* [About this task]: The records below are to be returned word for word, with pictures left out.

* [Available records]:
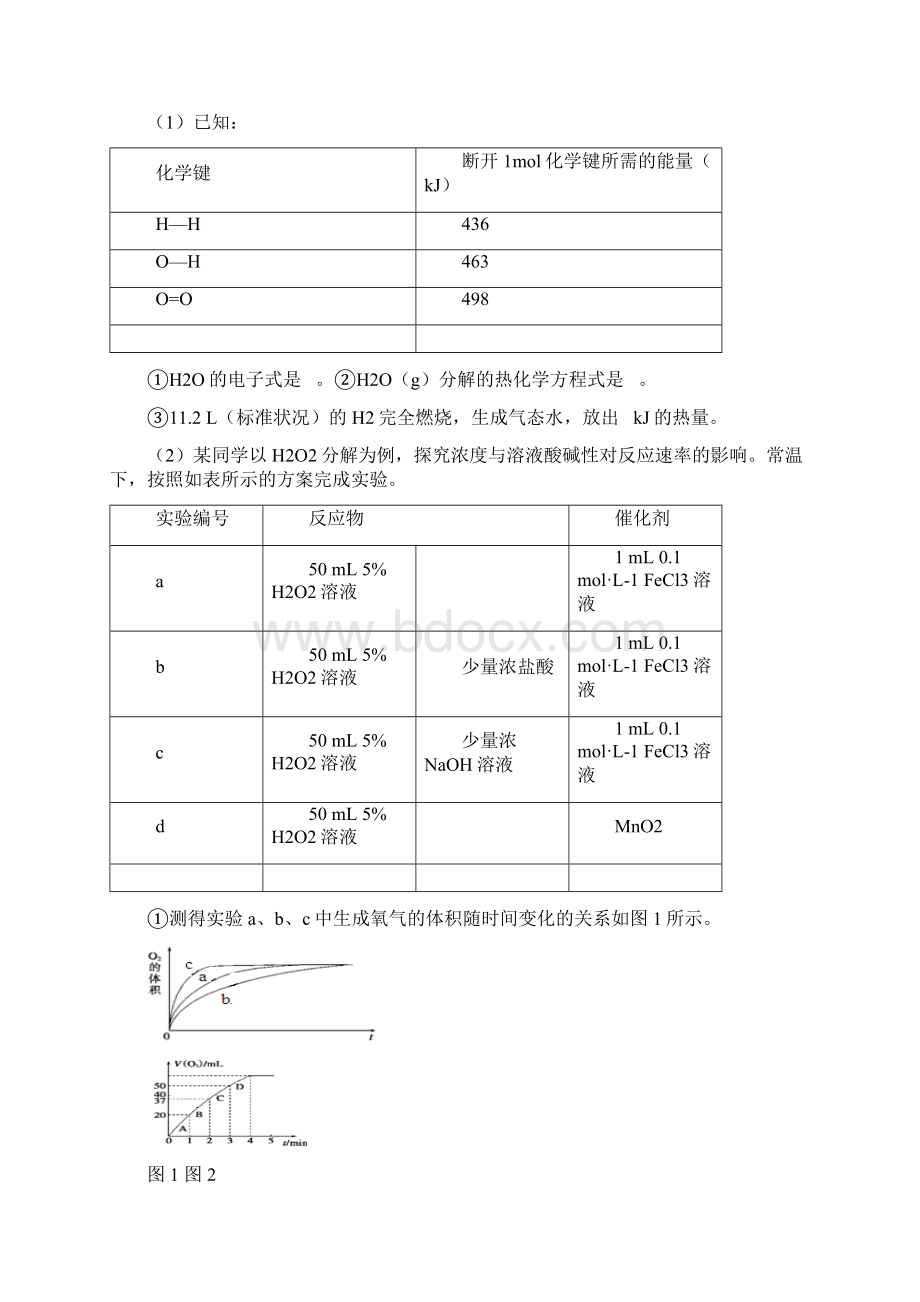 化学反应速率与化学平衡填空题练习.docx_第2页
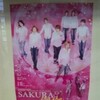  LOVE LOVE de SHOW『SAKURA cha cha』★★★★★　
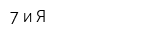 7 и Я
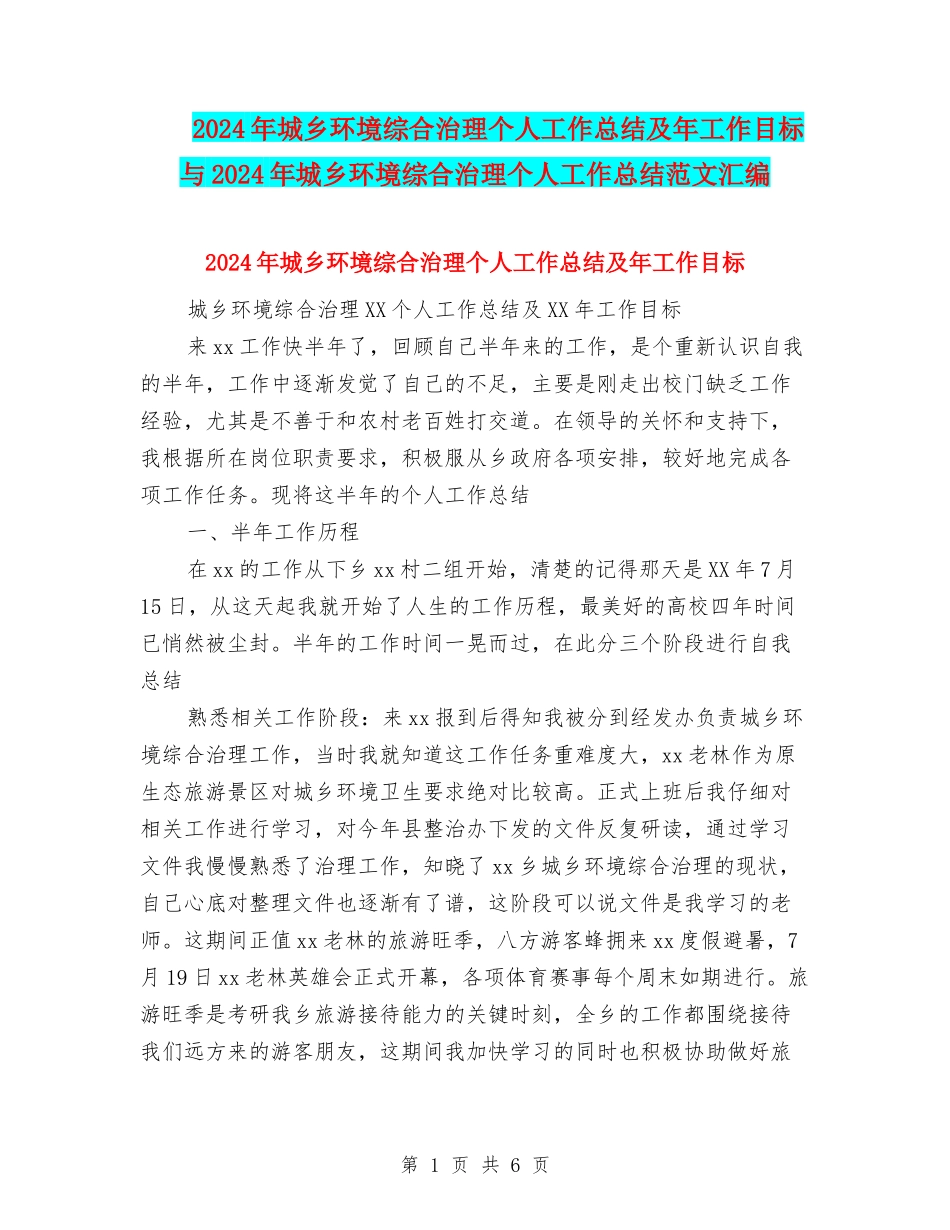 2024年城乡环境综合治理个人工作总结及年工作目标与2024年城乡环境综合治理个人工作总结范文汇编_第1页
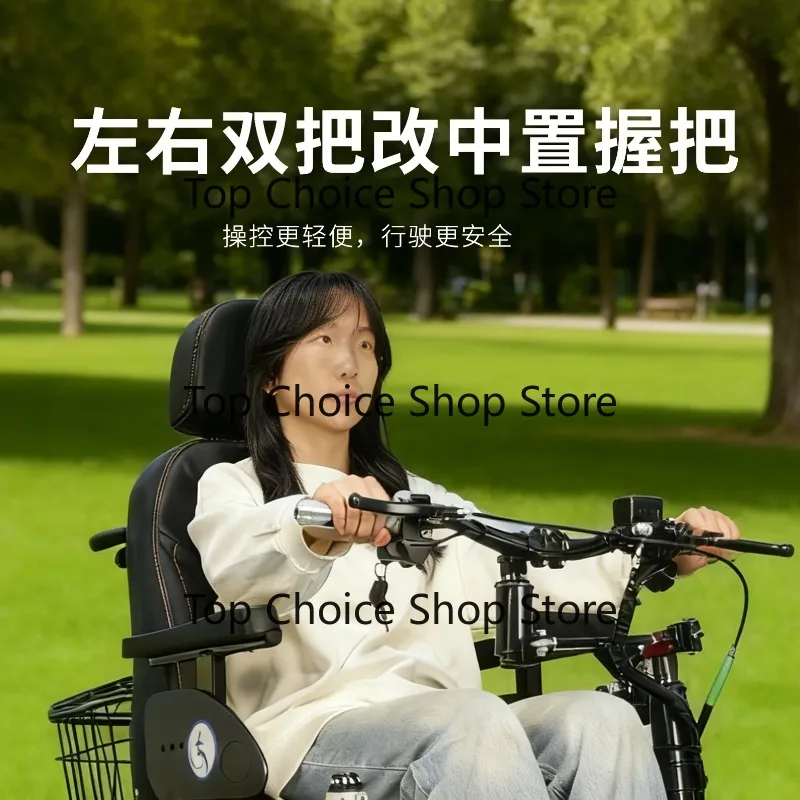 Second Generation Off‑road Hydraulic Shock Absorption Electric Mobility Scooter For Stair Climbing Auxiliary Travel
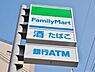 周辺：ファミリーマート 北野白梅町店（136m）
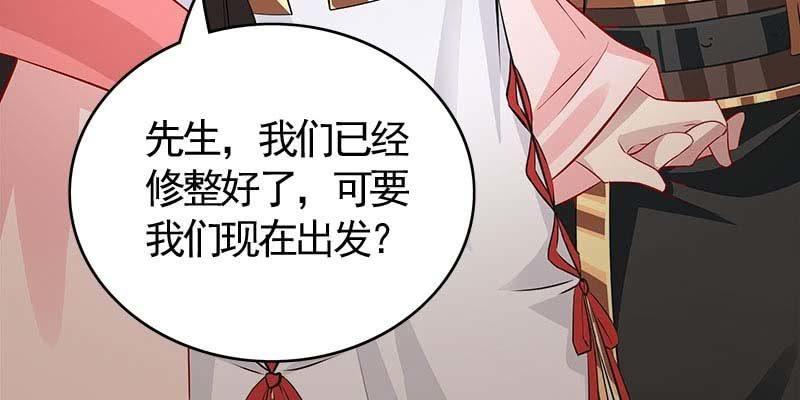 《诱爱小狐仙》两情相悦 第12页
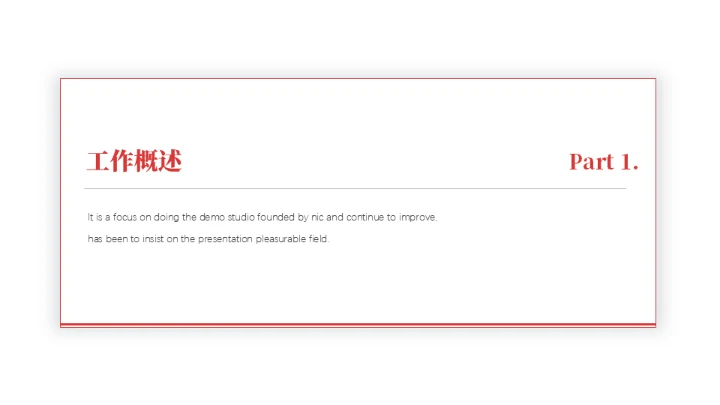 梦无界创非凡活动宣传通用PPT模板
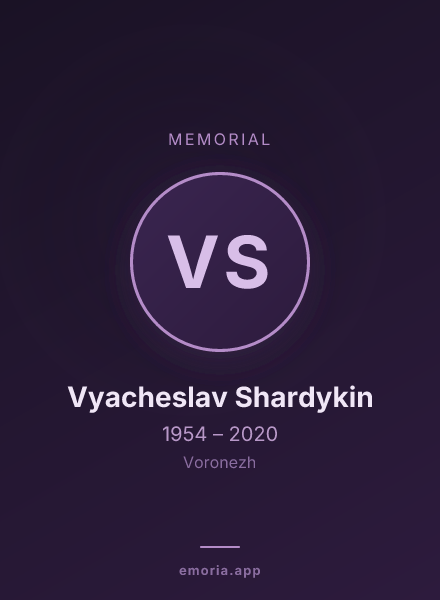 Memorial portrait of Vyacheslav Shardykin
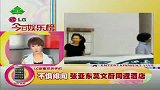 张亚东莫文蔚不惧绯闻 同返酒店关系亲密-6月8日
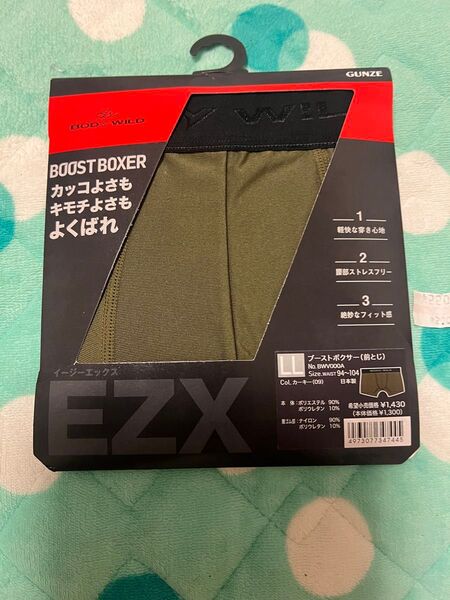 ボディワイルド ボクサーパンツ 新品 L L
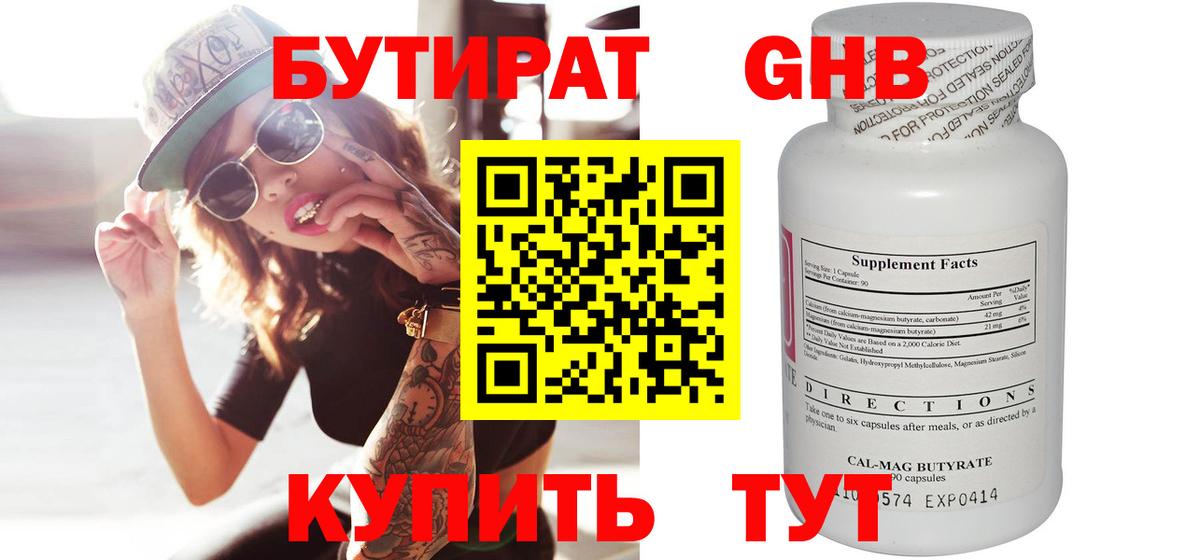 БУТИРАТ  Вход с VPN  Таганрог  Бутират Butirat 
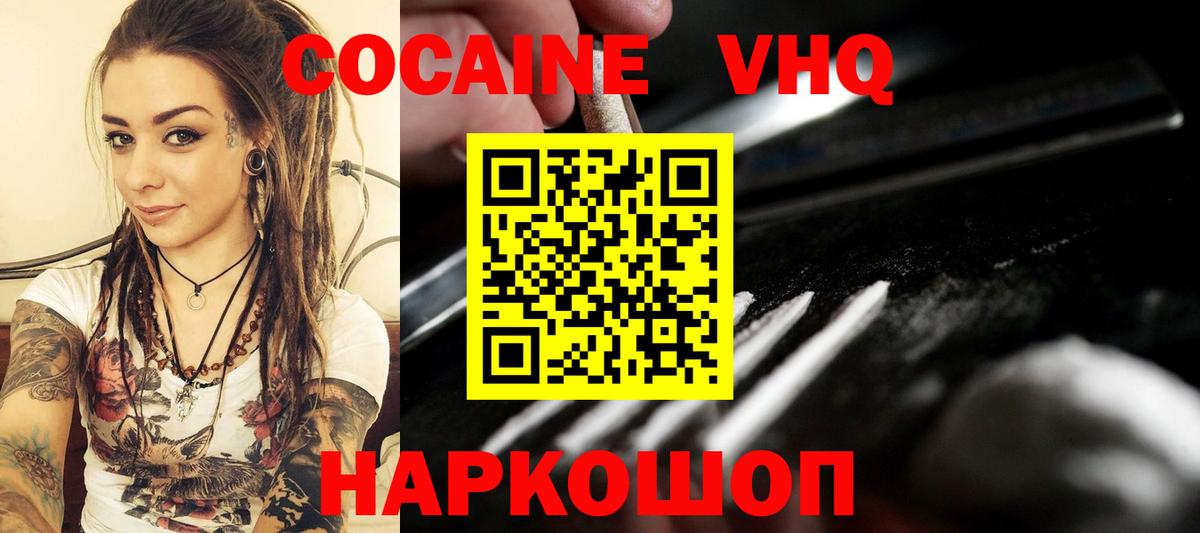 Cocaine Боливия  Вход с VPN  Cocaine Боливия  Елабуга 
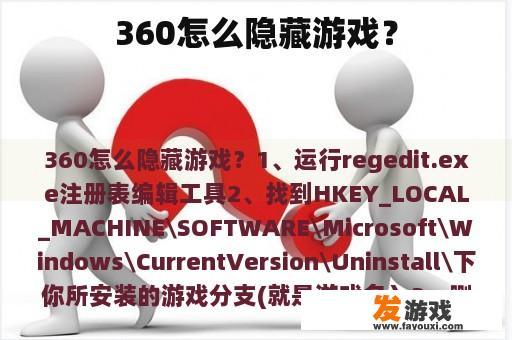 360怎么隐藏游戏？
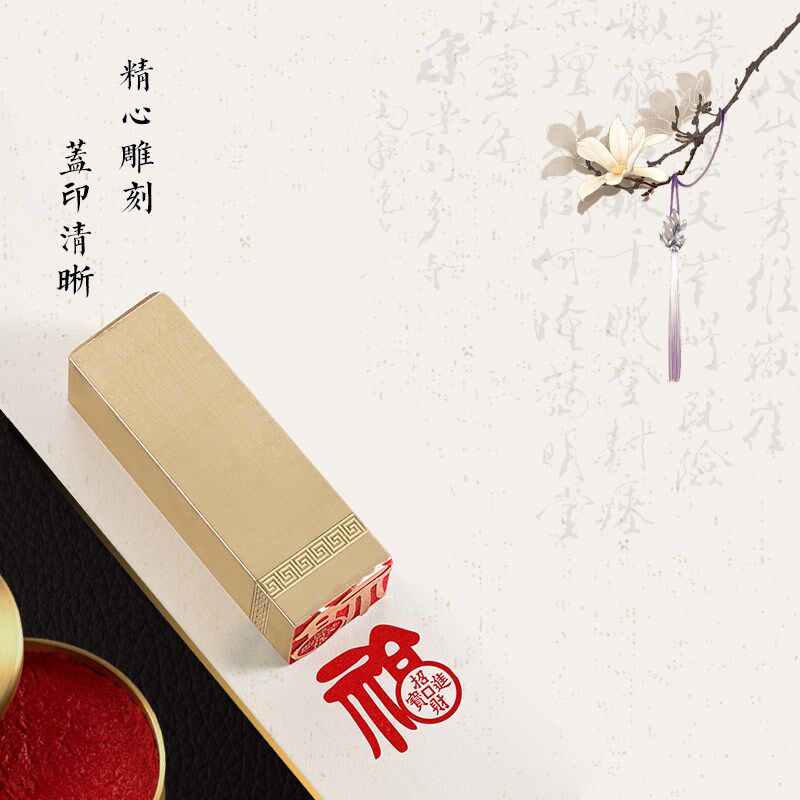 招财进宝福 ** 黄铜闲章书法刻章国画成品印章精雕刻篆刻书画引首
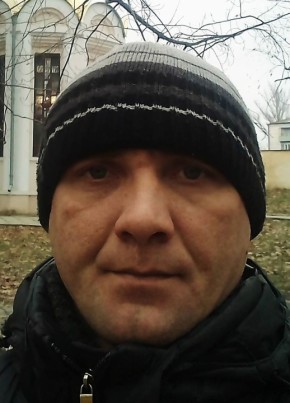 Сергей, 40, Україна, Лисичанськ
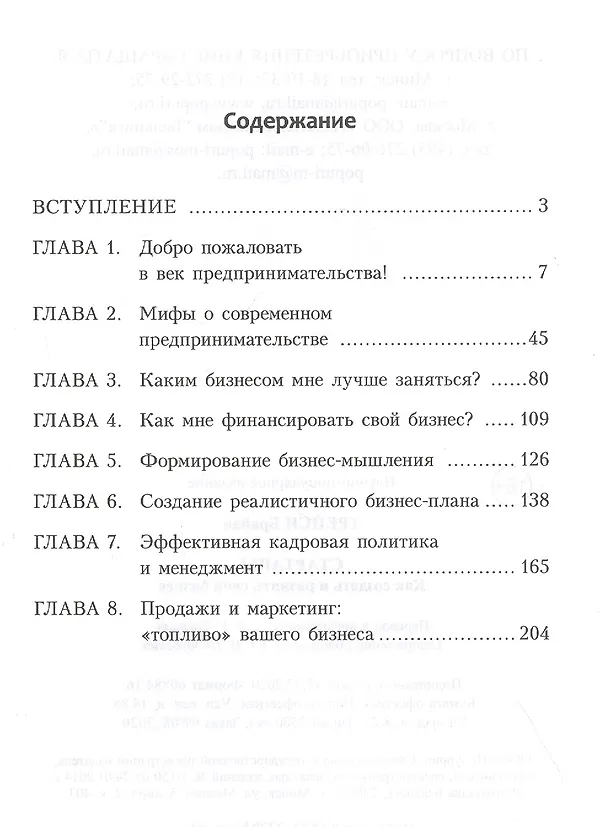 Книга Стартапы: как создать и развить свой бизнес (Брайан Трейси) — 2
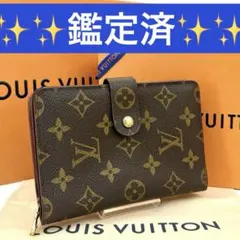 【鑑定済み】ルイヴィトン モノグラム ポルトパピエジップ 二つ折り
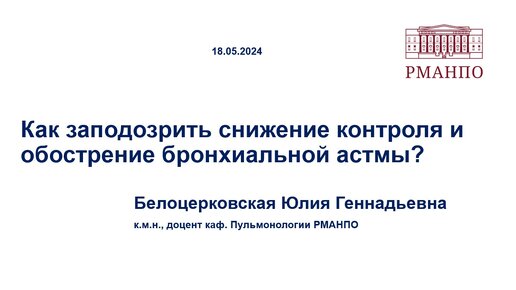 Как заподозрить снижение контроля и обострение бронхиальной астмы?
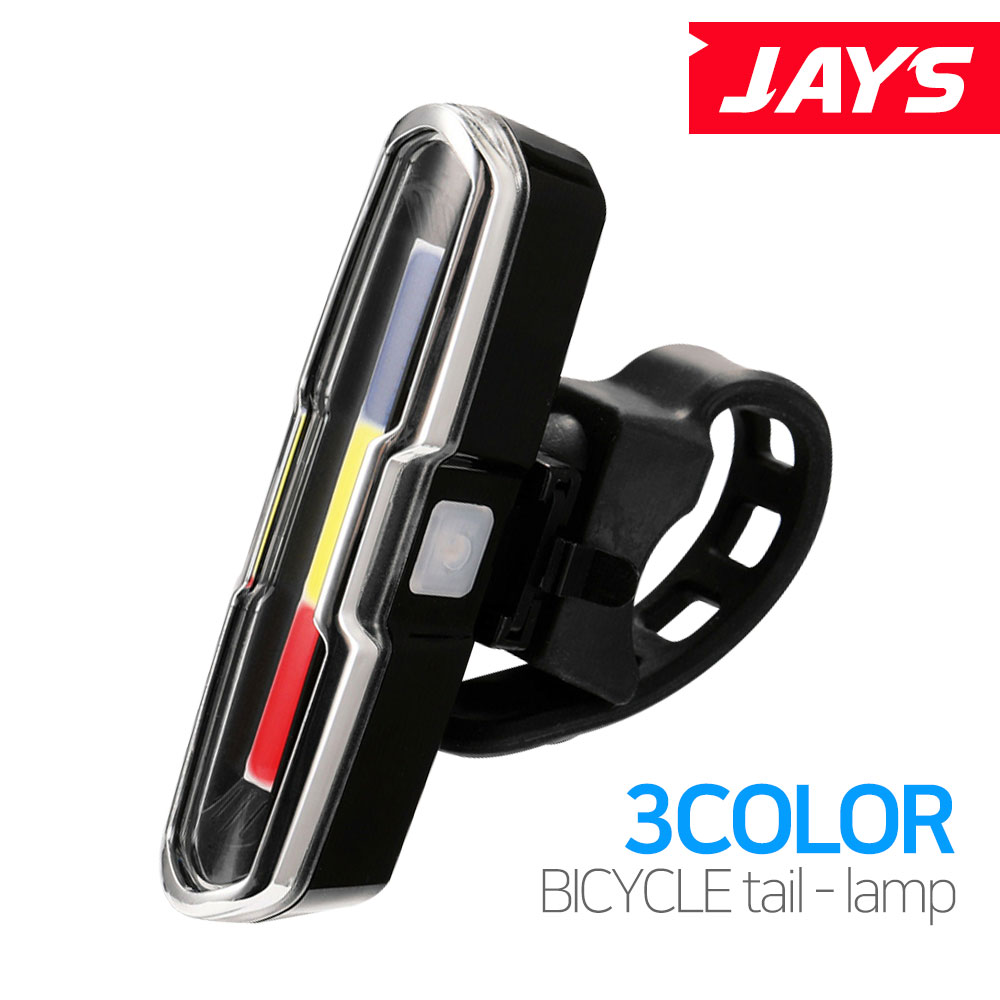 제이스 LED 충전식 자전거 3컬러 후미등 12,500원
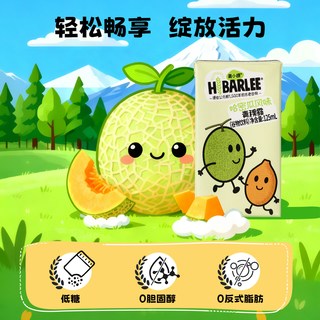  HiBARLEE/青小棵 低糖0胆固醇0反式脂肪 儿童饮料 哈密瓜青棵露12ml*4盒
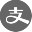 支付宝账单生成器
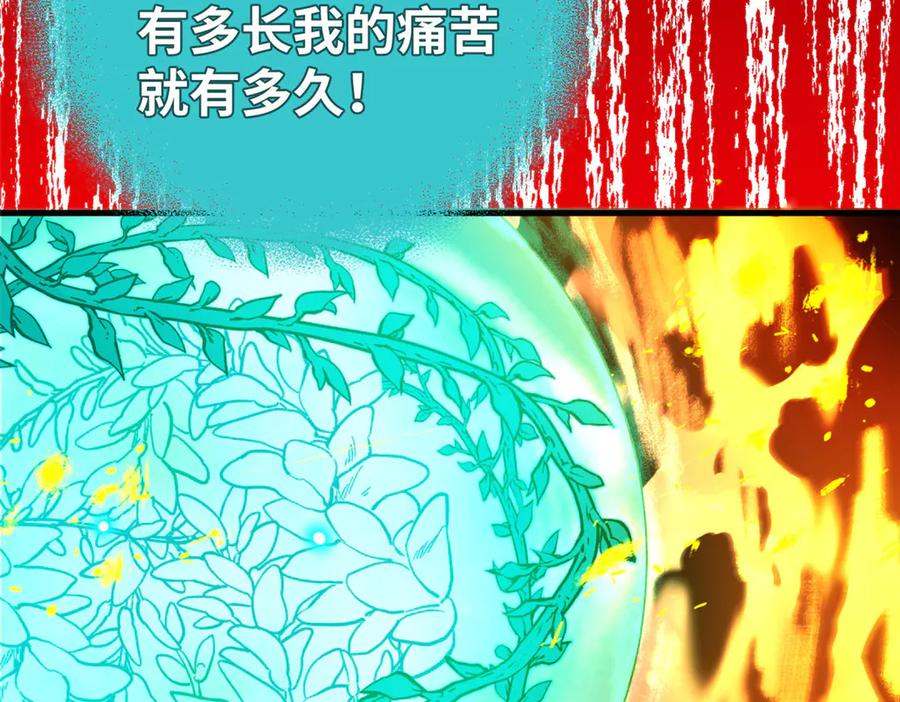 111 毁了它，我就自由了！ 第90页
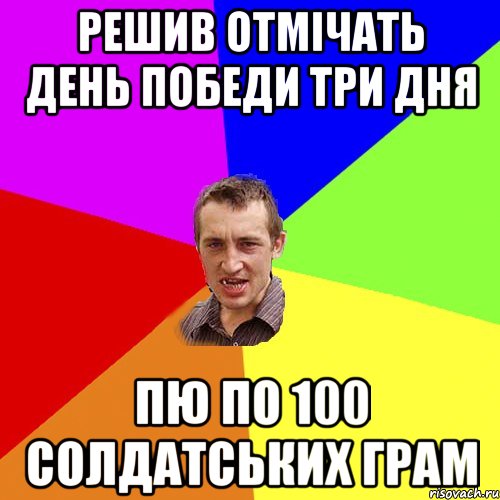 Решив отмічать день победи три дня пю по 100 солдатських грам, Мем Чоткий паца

* [Exercise response]:
 化学反应速率与化学平衡填空题练习.docx_第2页
  LOVE LOVE de SHOW『SAKURA cha cha』★★★★★　
 7 и Я
 2024年城乡环境综合治理个人工作总结及年工作目标与2024年城乡环境综合治理个人工作总结范文汇编_第1页
 Second Generation Off‑road Hydraulic Shock Absorption Electric Mobility Scooter For Stair Climbing Auxiliary Travel
 周辺：ファミリーマート 北野白梅町店（136m）
 《诱爱小狐仙》两情相悦 第12页
 梦无界创非凡活动宣传通用PPT模板
 Memorial portrait of Vyacheslav Shardykin
 张亚东莫文蔚不惧绯闻 同返酒店关系亲密-6月8日
 ボディワイルド ボクサーパンツ 新品 L L
 БУТИРАТ  Вход с VPN  Таганрог  Бутират Butirat 
 Cocaine Боливия  Вход с VPN  Cocaine Боливия  Елабуга 
 360怎么隐藏游戏？
 招财进宝福 ** 黄铜闲章书法刻章国画成品印章精雕刻篆刻书画引首
 Сергей, 40, Україна, Лисичанськ
 Книга Стартапы: как создать и развить свой бизнес (Брайан Трейси) — 2
 【鑑定済み】ルイヴィトン モノグラム ポルトパピエジップ 二つ折り
 Как заподозрить снижение контроля и обострение бронхиальной астмы?
 제이스 LED 충전식 자전거 3컬러 후미등 12,500원
  HiBARLEE/青小棵 低糖0胆固醇0反式脂肪 儿童饮料 哈密瓜青棵露12ml*4盒
 支付宝账单生成器
 111 毁了它，我就自由了！ 第90页
 Решив отмічать день победи три дня пю по 100 солдатських грам, Мем Чоткий паца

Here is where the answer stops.